Re: OT: Unicode 5.0
From: | Andreas Johansson <andjo@...> |
Date: | Tuesday, January 10, 2006, 0:13 |
Quoting Jonathyn Bet'nct <jonrelay@...>:
> On 1/9/06, John Vertical <johnvertical@...> wrote:
> > ...At risk of threadjack accusations, I'll use the opening to also fire a
> > question that's been bothering me for a while - Why does Unicode include
> > several characters multiple times? There are 6561 different ways to write
> > "THAI POEM". If capital alpha is different from capital ay just because
> it's
> > used in a different alphabet to write a different language, isn't (eg)

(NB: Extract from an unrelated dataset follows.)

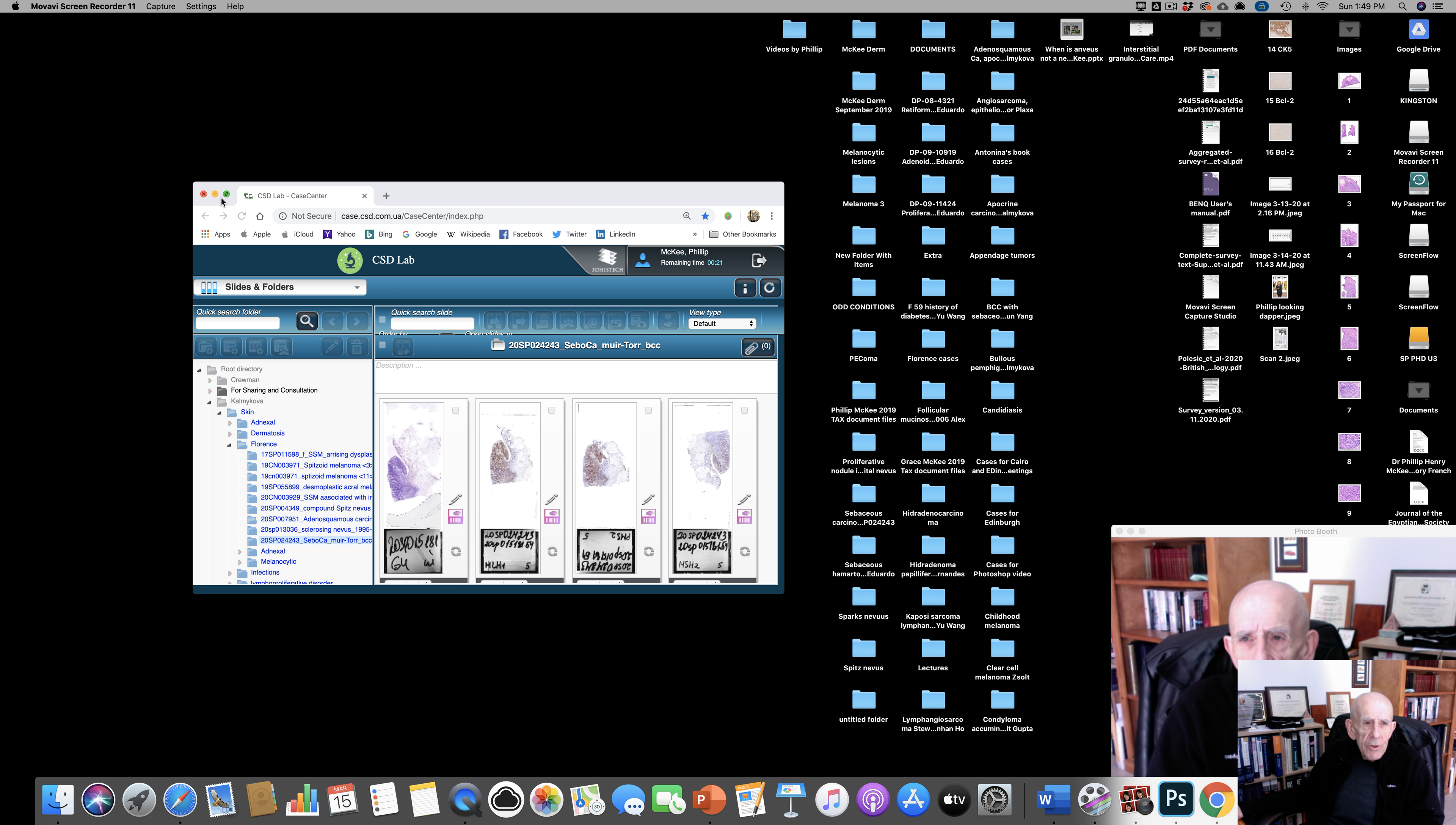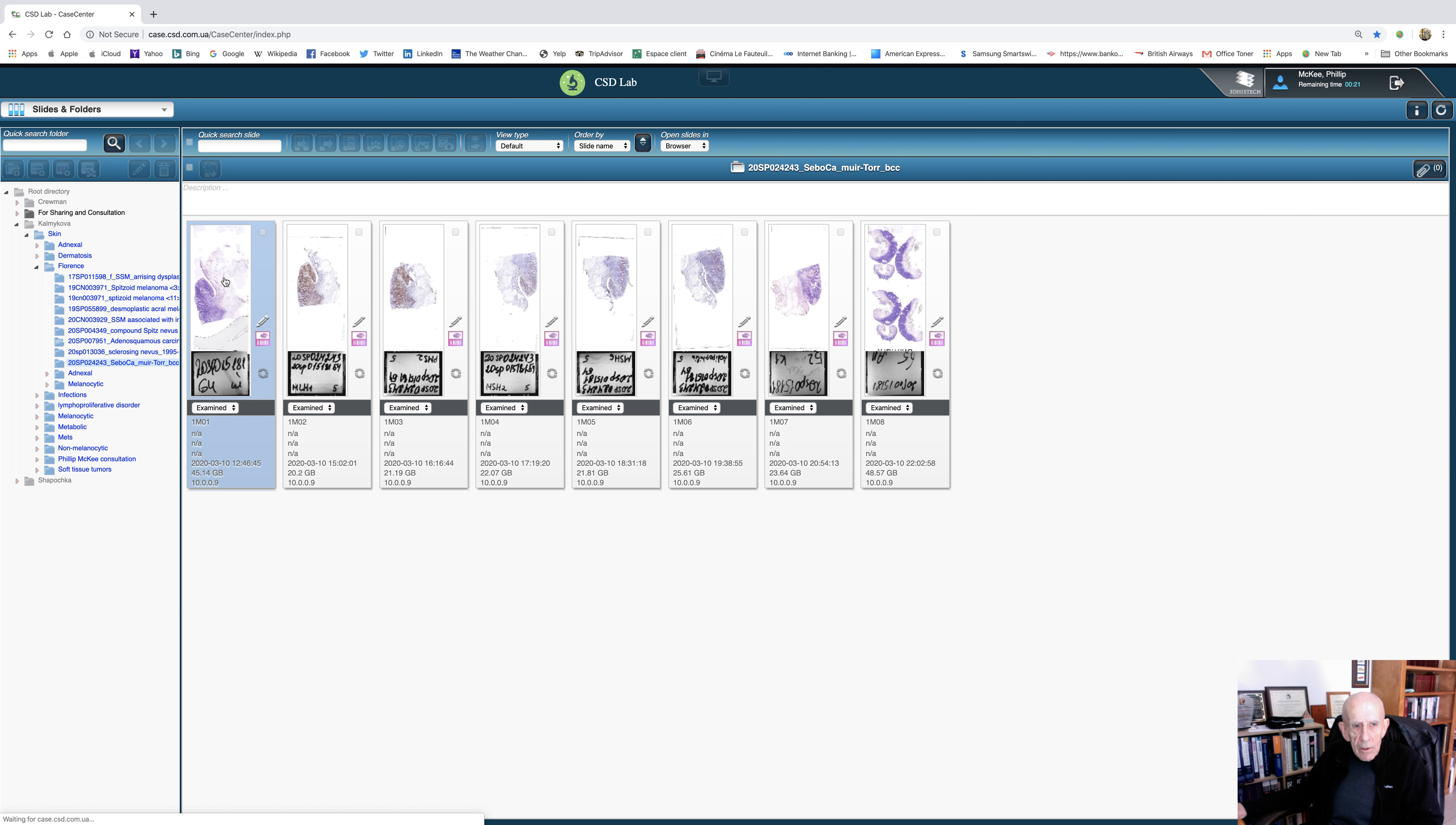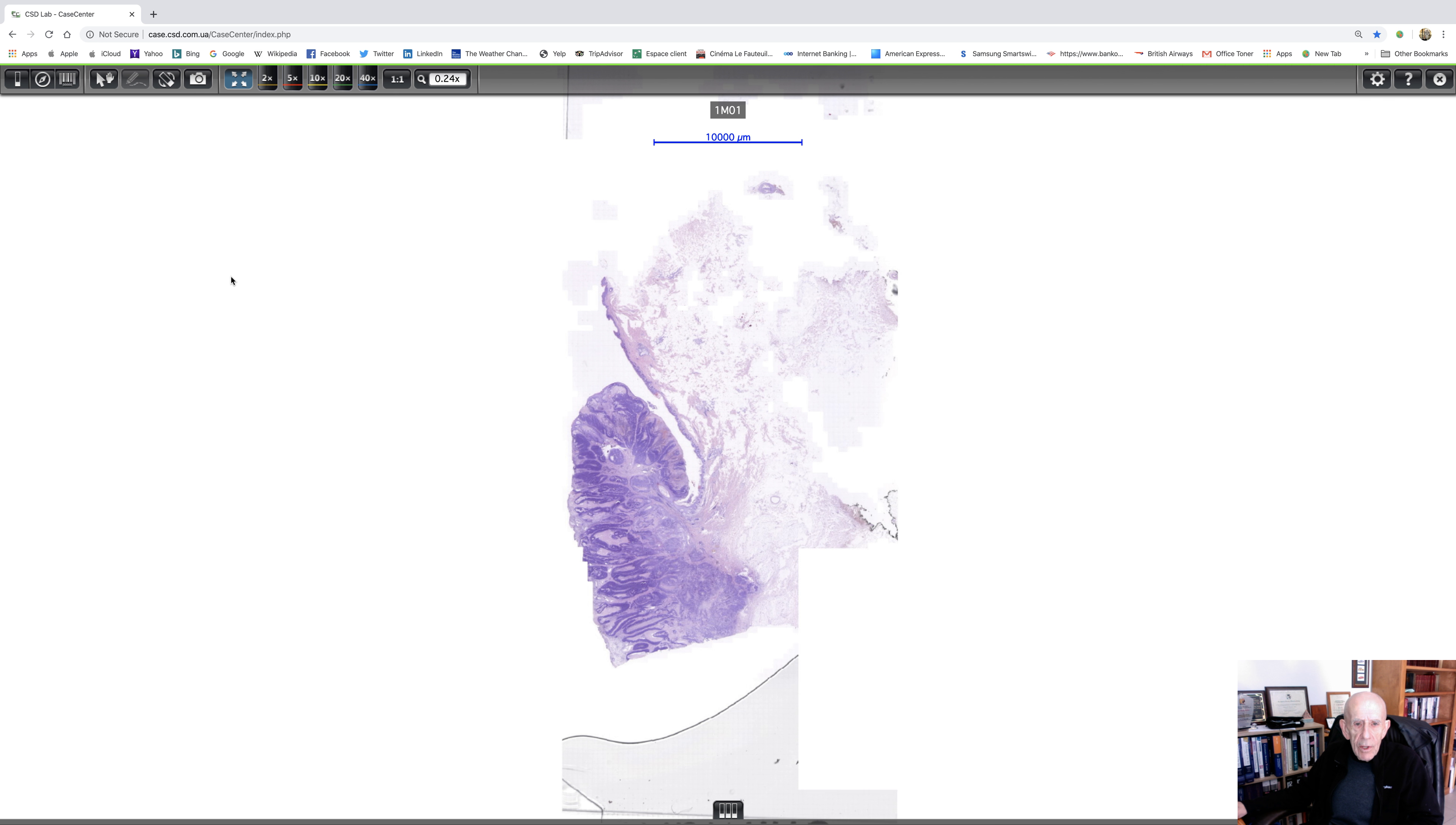I want to share a really fantastic case that Antonina Kalmakova has shared with me. It's such a perfect slide. Let's just see what we can see at the lowest power.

> > Icelandic "A" also a different character then? Are they really purposely
> > randomly tagging unnecessary etymological/usage information to symbols, or
> > is it that they just fudged it up initially (for whatever political
> reasons)
> > and can't fix it at this stage any more?
>
> This is because Icelandic uses the same /script/ as English. Greek
> uses a different /script/, therefore capital alpha gets its own
> encoding, while Icelandic ay is encoded as the same as English ay.
> Unicode stresses the distinctions between script, language (many of
> which may use the same script), and glyph variants (which are left to
> the realm of fonts, not text encodings).
Icelandic is sometimes considered a separate script from Latin, presumably since
it includes the Runic-derived thorn. Now, I think the Unicoders took the right
decision not to treat it as separate, but the distinction between variants of
the same script and different scripts is not necessarily unambiguous.
Andreas